Singapore: Asian economies may have overcome the 1997-98 financial crisis but now face new threats such as income disparity, climate change and a possible global economic meltdown, government and business leaders said on 24 June.
“A shock will come at some point,” Singapore Second Finance Minister Tharman Shanmugaratnam warned attendees at the World Economic Forum on East Asia.
“I think emerging markets have to brace themselves to put into place shock absorbers to deal with this sort of event ... it requires astute management,” he said.
Asia’s government and corporate sectors must join hands to develop policies and new leadership to tackle these new pressing global challenges to ensure sustainable growth in the region, delegates told the World Economic Forum on East Asia.
Some 300 government and business leaders including Philippine President Gloria Macapagal Arroyo and the chiefs of Coca-Cola and Nissan Motors Co. are attending the two-day meeting organized by the Geneva, Switzerland-based World Economic Forum.
Singapore’s Tharman said there was a “high degree of complacency” in the region after a period of stability following the 1997-98 Asian financial crisis.
But he warned the region must be alert amid a “significant buildup of risks” as huge capital inflows into emerging markets, especially in Asia, led to asset price bubbles in stock markets, property, commodities and equity markets.
A pullback could lead to severe economic problems, he said.
Thailand’s Finance Minister Chalongphob Sussangkarn urged East Asia _ which holds most of the world’s foreign reserves -- to play a bigger role to tackle global imbalances before it spirals into economic chaos.
Soaring trade deficit in the United States and growing trade surpluses in countries such as China are seen as major threats to the global economy.
“We see these imbalances as a danger but there is not enough effort” to tackle them, Chalongphob said.
The Asian Development Bank urged the region to tackle rising income disparity, warning that some social indicators in the region are worse than in sub-Saharan Africa.
Some 1.9 billion Asians still live on less than US$2 (euro1.50) a day, while 2 billion have inadequate access to sanitation and clean water, said ADB’s Managing Director General Rajat Nag.
“We’ve two faces in Asia ... one Asia is growing very well and the other Asia is struggling behind,” he said, warning this could cause grave social and political tensions that may unravel the region’s growth.

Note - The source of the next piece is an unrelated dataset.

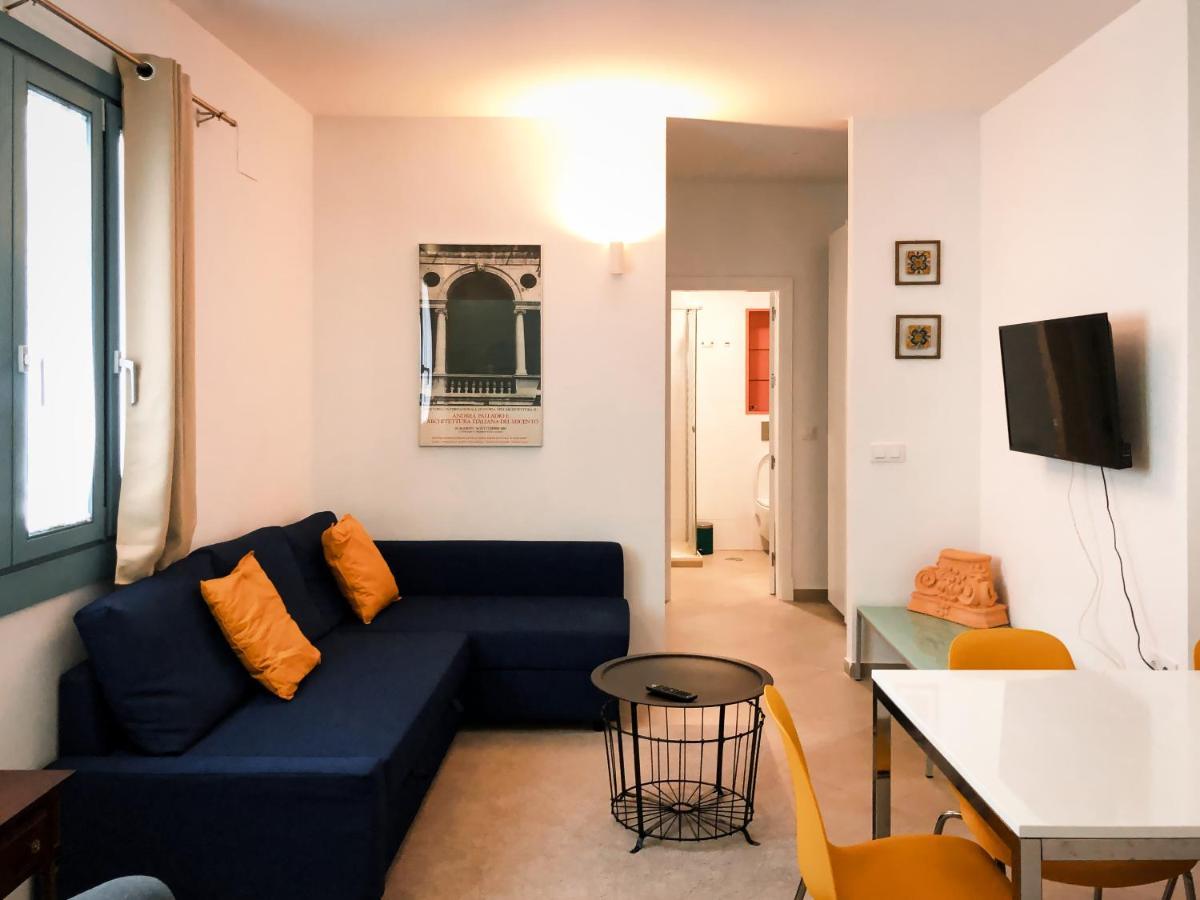 Covadonga 9 Apartments - Triana Sevilla Eksteriør bilde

Arroyo urged China, India and Japan to show greater leadership in the region, while the United States -- the region’s traditional power-- is preoccupied in the Middle East.
Japan’s Deputy Foreign Affairs Minister Masaharu Kohno called for greater cooperation among countries to fight global warming, especially by developing a successor to the 1997 Kyoto Protocol which expires in 2012.

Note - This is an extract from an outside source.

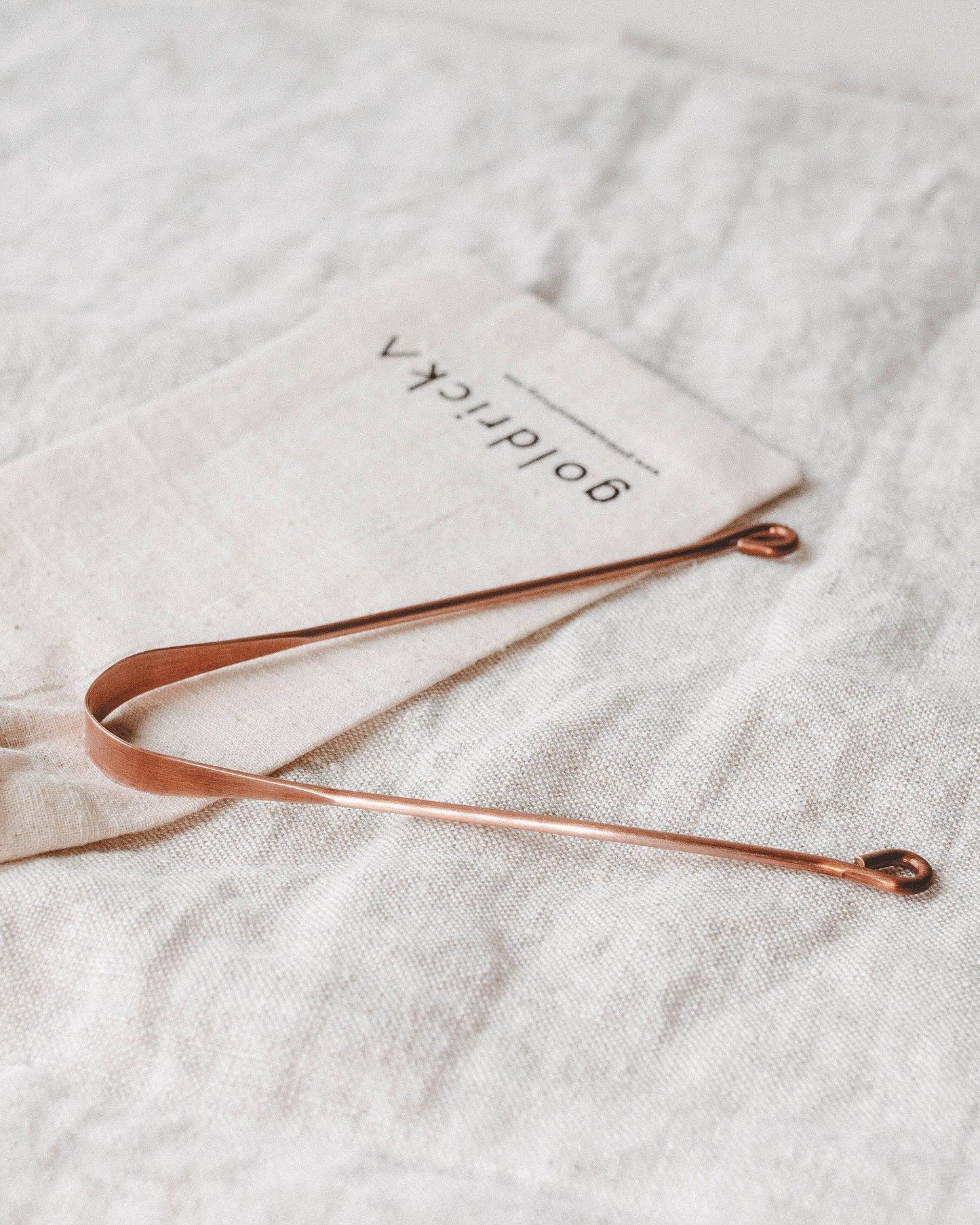 Tongue Cleaner | Copper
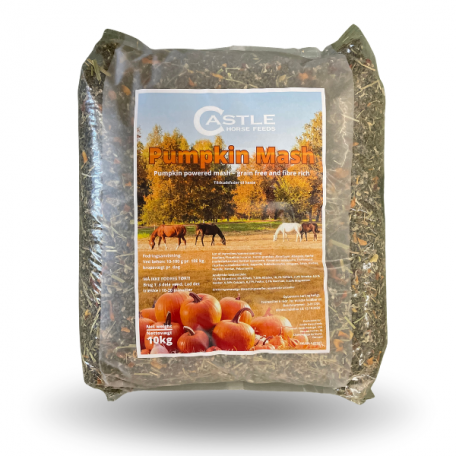Pumpkin Mash 10 kg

The U.N. treaty caps the amount of harmful gases emitted in industrialized countries. Currently, developing countries like China and India are exempt from Kyoto’s obligations _ part of the reason why the United States and Australia have refused to join in.
Carlos Ghosn, chief executive of French vehicle maker Renault SA and Japan’s Nissan Motor Co., said carmakers should take the lead to reduce carbon dioxide emission to fight global warming but one industry alone cannot solve the problem.
“You are not going to fight emission by singling out on one industry because CO2 is emitted by many industries ... we need to have an integrated approach,” he said.